Mo was living in Myanmar (Burma) when he was forced to leave after the persecution of Muslim people. He was staying in a refugee camp with his family which he describes as a ‘prison’. After running away he travelled by lorry to the UK. He was put in to a house and forced to work in a restaurant for little pay and no days off. Mo is now in a safe house, waiting for his passport and papers to be able to work.
Running, running, running, running. Half life is gone like running. Still now I am running. Sometimes like it’s like… I don’t accept this life running, running, running and you’re stuck. In this country everybody say freedom but we have no freedom, you know?
We have no freedom like, I don’t accept this life.
Burma, I was born in Burma, Myanmar, six years I stayed in Burma and after like, they were killing Muslim people. Burmese people don’t like Muslim people. And they tried to kill everybody, so everybody ran away. Then I came with my family to Bangladesh because Bangladesh and Burma are very close. So, then we stayed in a refugee camp there. And I was living there like eight years.
When I was fourteen years like jumping like run away. Camp? Oh my God…it’s like, good for a prison, honest. It’s like: one bedroom, a small bedroom. You’re living with your: father, mother, sister. And you have to do your cooking in the same place.
They give you something to do like cleaning like you have to clean the garden. You brush the field, you know. And if you don’t do it… like, they will torture your body. They will torture your body and if you make anything bad, they will torture your body.
Yeah, I did run away.
Because I think if they shoot me it’s good for me. Because I spend every day… it’s like… very hard, you know?
No food, one room, no freedom, no life…then I would run away. Then I have no choice, honestly yeah.
Then I came here, like, by lorry. One month I travelled you know? By lorry I came into this country like hiding.

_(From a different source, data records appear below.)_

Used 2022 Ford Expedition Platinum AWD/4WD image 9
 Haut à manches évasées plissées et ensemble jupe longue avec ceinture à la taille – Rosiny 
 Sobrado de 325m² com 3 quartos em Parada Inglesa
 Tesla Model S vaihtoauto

Then they put me in to one house like… two years I put up with that I was like… cleaning, cooking, serving, moving…everything like…
Then after two years I finished, they put me in to a restaurant. So, I worked in the restaurant for two weeks and after I saw that they only paid me twenty pounds for two weeks with no day off.
Everyday, like twelve to fourteen hours. We were paid for 96-98 hours of work. They only paid twenty pounds. I didn’t know the regulation. I didn’t have a passport, I didn’t have any papers. I couldn’t speak English.
I’ve always enjoyed it. When I am cooking, I will be singing and dancing. The future actually is like waiting I tell you. Waiting for my passport, and my papers. If my passport comes, I can work, and I can go to Bangladesh looking for my family.